Embarking on the third year of a movement to improve the image of truck drivers, both inside and outside of the industry, Trucking Moves America Forward panelists spoke about the good and bad in the industry.
The event is a time to see diverse groups such as the Owner-Operator Independent Drivers Association and the American Trucking Associations share a common cause of improving respect for the men and women in the industry.
"This movement from the start was about showing that truckers are not only great people, but essential to the fabric of society," OOIDA Executive Vice President Todd Spencer said in starting off his remarks. "When a plane, train or boat doesn't show up, it's not really noticed. When a truck doesn't show ... we're talking major, major problems.
"As critical as what we do is, we don't get the credit ... the appreciation," Spencer said.
That echoed the points of Kevin Burch, president of Jet Express and first vice chairman of American Trucking Associations.

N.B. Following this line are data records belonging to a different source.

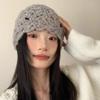 Solid Color Crochet Flower Hat Handmade Beanies Cap Sweet Knitted Pullover Hat  Girls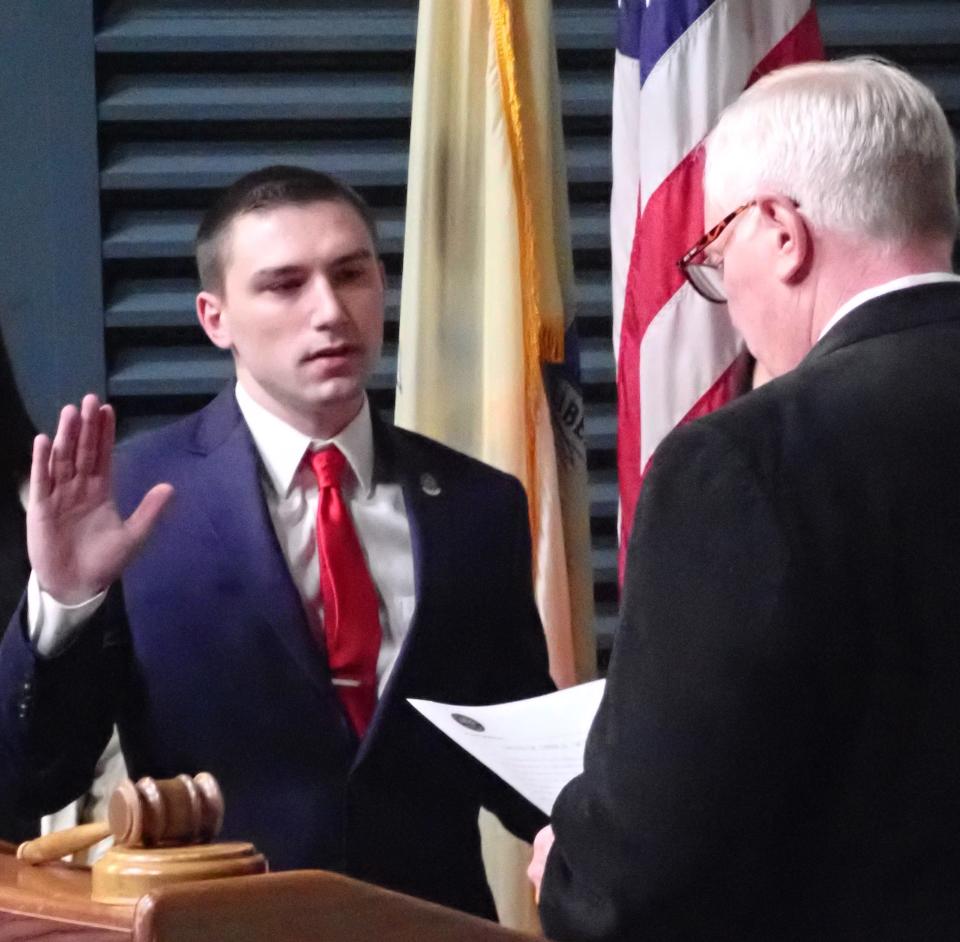 Anthony Fasano is sworn in as director Sussex County Board of County Commissioners on Jan. 5, 2022 by County Clerk Jeffrey Parrott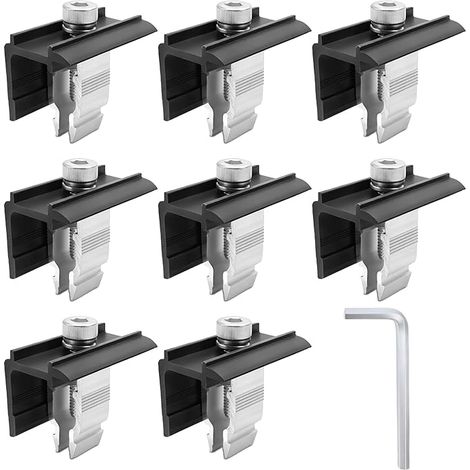 Solar Panel Mounting 8 Pieces Aluminium Solar Panel Bracket Kit 30mm with Nuts and Bolt for Photovoltaic Camping Car Roof Wall Modulhöhe 30mm-45mm (1/5)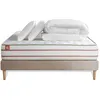 Image de Pack prÃªt a dormir matelas LE DOUX 140x190cm Memoire de forme - Ep. 24cm + sommier Beige + 2 oreillers + couette 240x220cm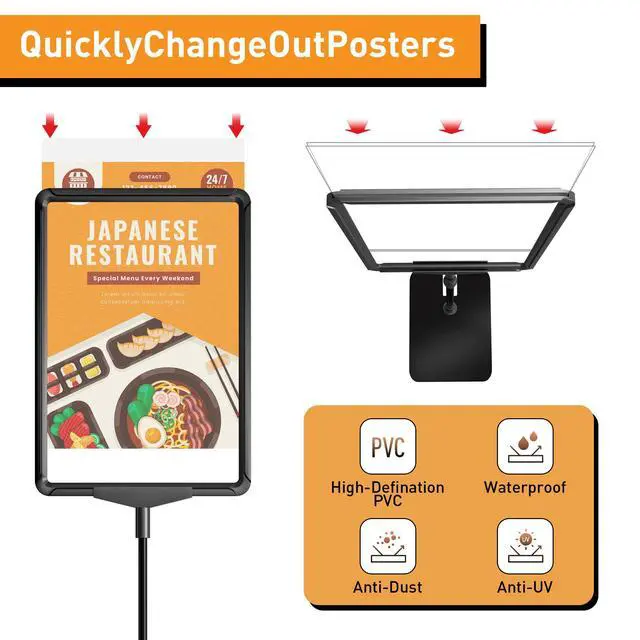 Alt view image 3 of 6 - Sign Stand 8.5x11 inch Sign Holder Floor Standing Sign Holder Stand - Poster Holder Sign Stands for Display Table Advertising Menu - Table Top Sign Holders Adjustable Signage Stand - 6 Pack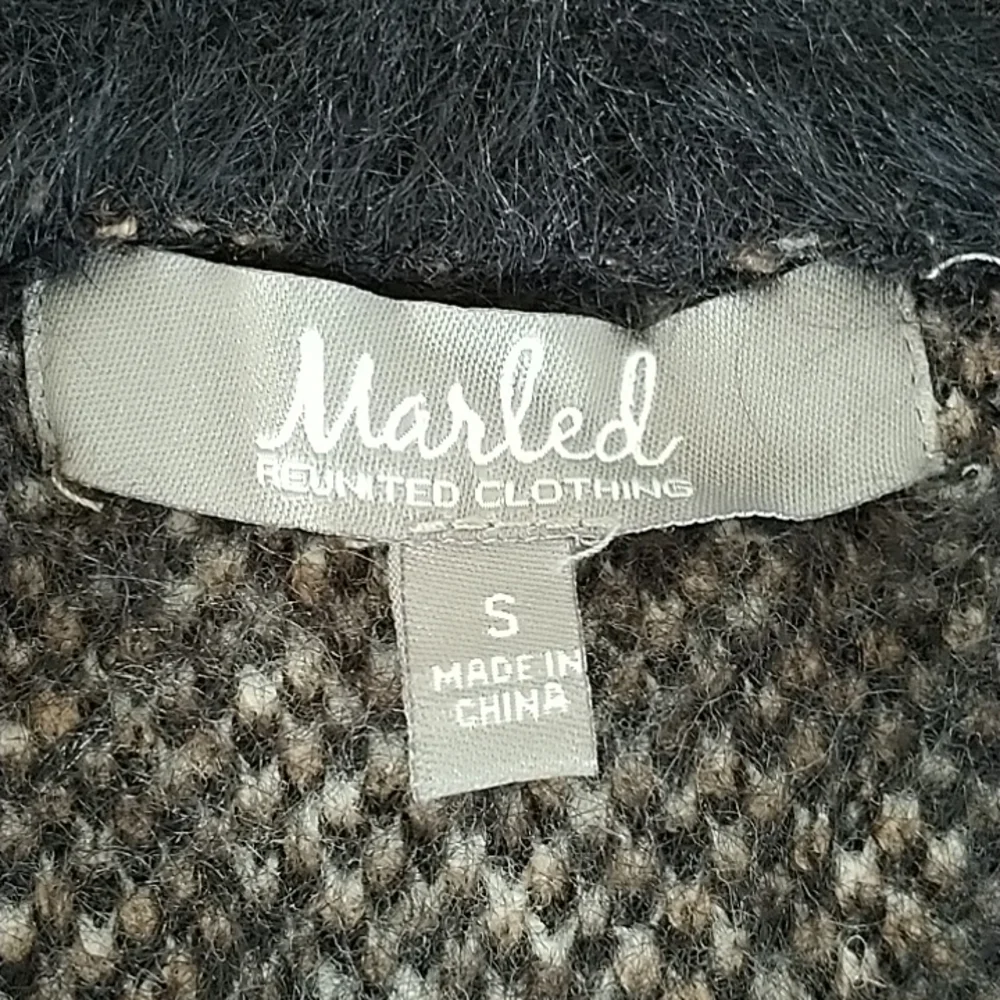 Marled Argyle Grey/Black Sweater Coat Jacket sz S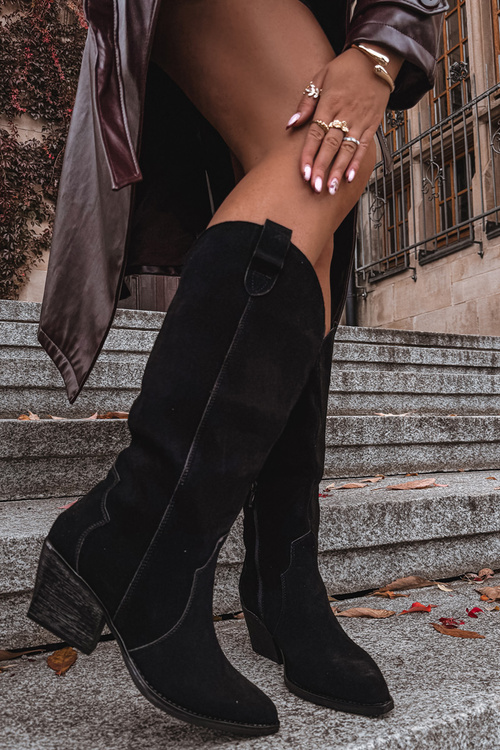 Kožené semišové čižmy dámske zateplené čierne Urselle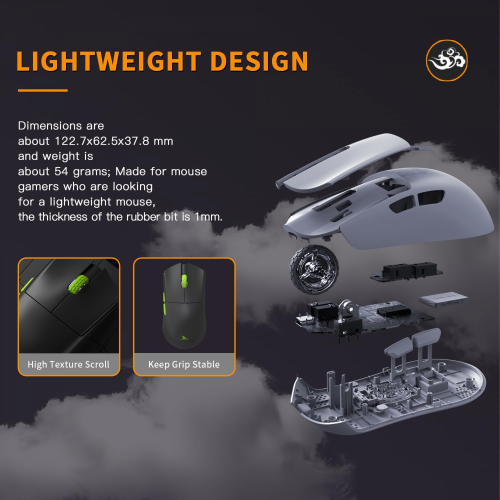 Motospeed Darmoshark M3S Pro Wireless, Wired, Bluetooth Tri-Mode Optical Gaming Mouse, Black - 5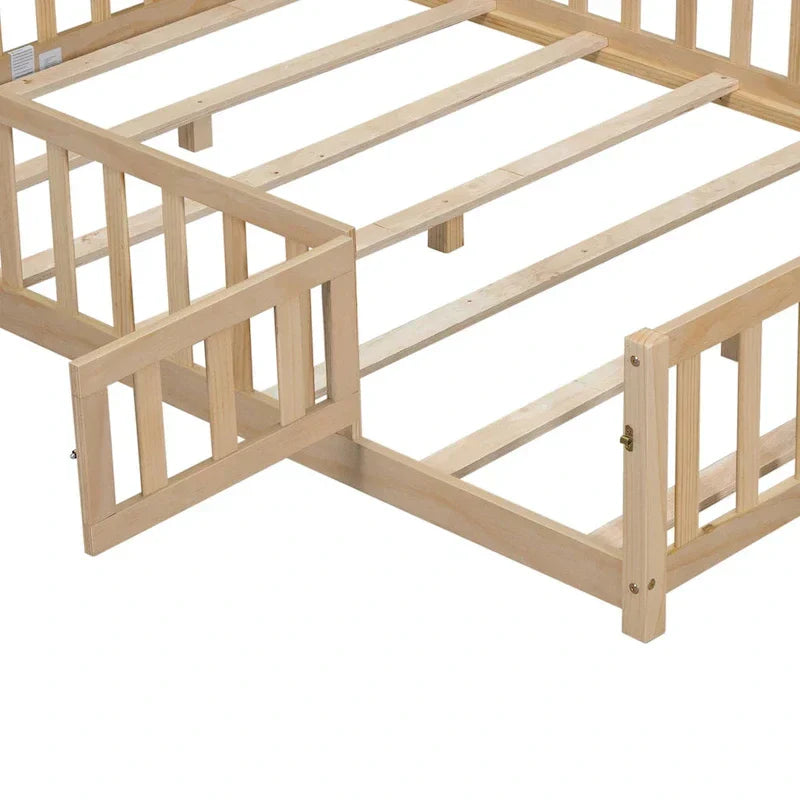 Kids' Full-Size Wooden Floor Bed with Fence and Door - image 23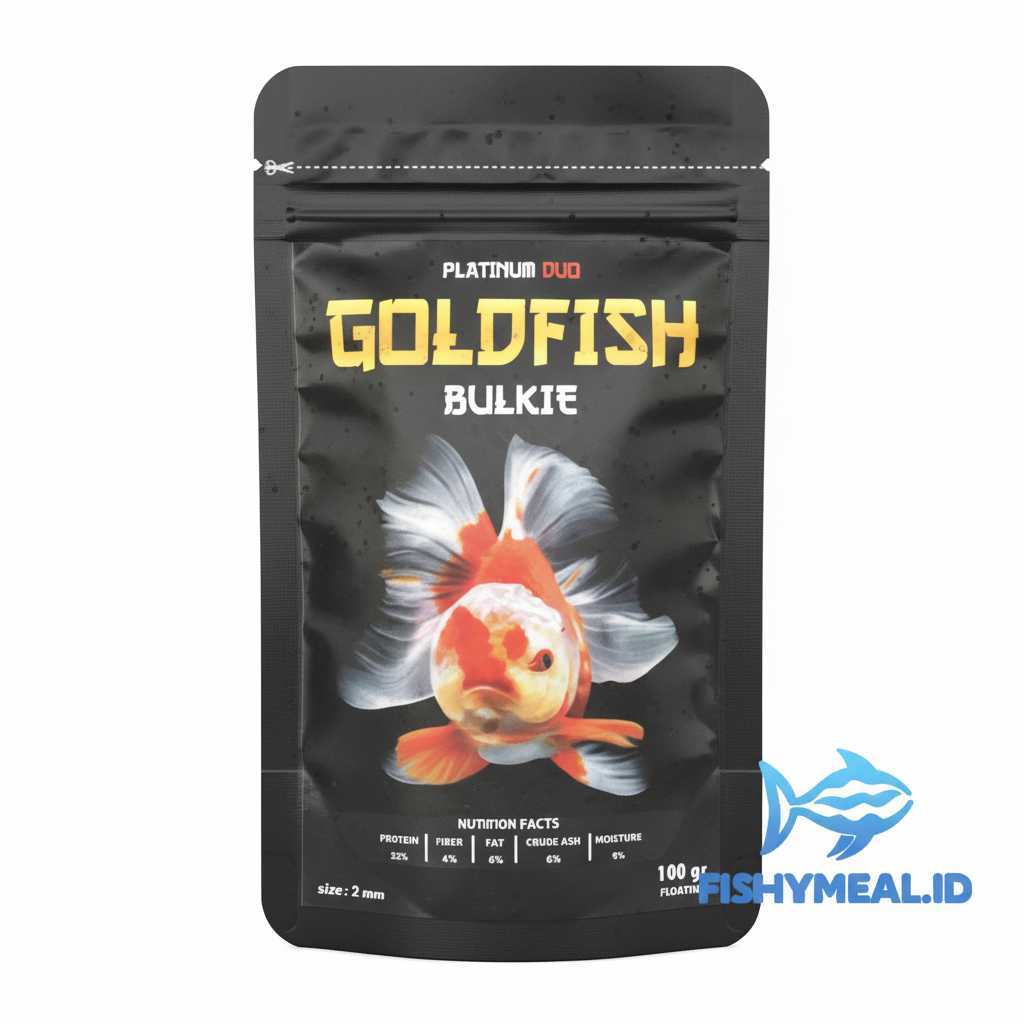 Pakan Ikan Goldfish Bulkie 100gr - Pelet Penggemuk Ikan Mas Koki Body Bulky Cepat Besar - FishyMeal.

"Truckers get things done," Burch told the press. "But we are terrible at talking about it."
Burch said it's truckers who save the country in bad times, help it grow in good time, and are the silent backbone of the industry.
"We need to speak up," Burch said.
While Spencer agreed wholeheartedly that truckers "have a story" and "need to tell it" to the public to improve perception of truckers, his remarks turned to the internal boost the industry needs.
Spencer talked about the pressures and challenges that truck drivers face on a daily basis, striking hard at the lack of safe and secure parking for truckers to comply with regulations, find a place to rest and relax, eat and just get off the road.
While he acknowledged the efforts of the truck stop supporters of the Trucking Moves America Forward, he said that it's going to take more than just truck stop operators to solve the problem.
"All across the country, shippers and receivers are largely indifferent (to the plight of truck drivers) -- unless they are economically affected," Spencer said.
Then he turned his focus to the treatment of truck drivers by motor carriers, brokers and others in the industry.
"Clearly, pay is an issue. Inside trucking we need to be honest with ourselves, and seriously address it," Spencer said. "Everyone should be collectively behind it to put value on the drivers' time and pay them. That will improve the image of the industry (by reducing driver turnover)."
In addition to discussing the challenges facing the industry, the campaign touted its successes in reaching out to the masses via trailer wraps, social media, press releases and media coverage.
Trucking Moves America Forward has amped up its image campaign portion of the movement by adding an e-commerce store to its website where truckers can by shirts, hats, etc., to promote a positive image of truckers and the industry as a whole.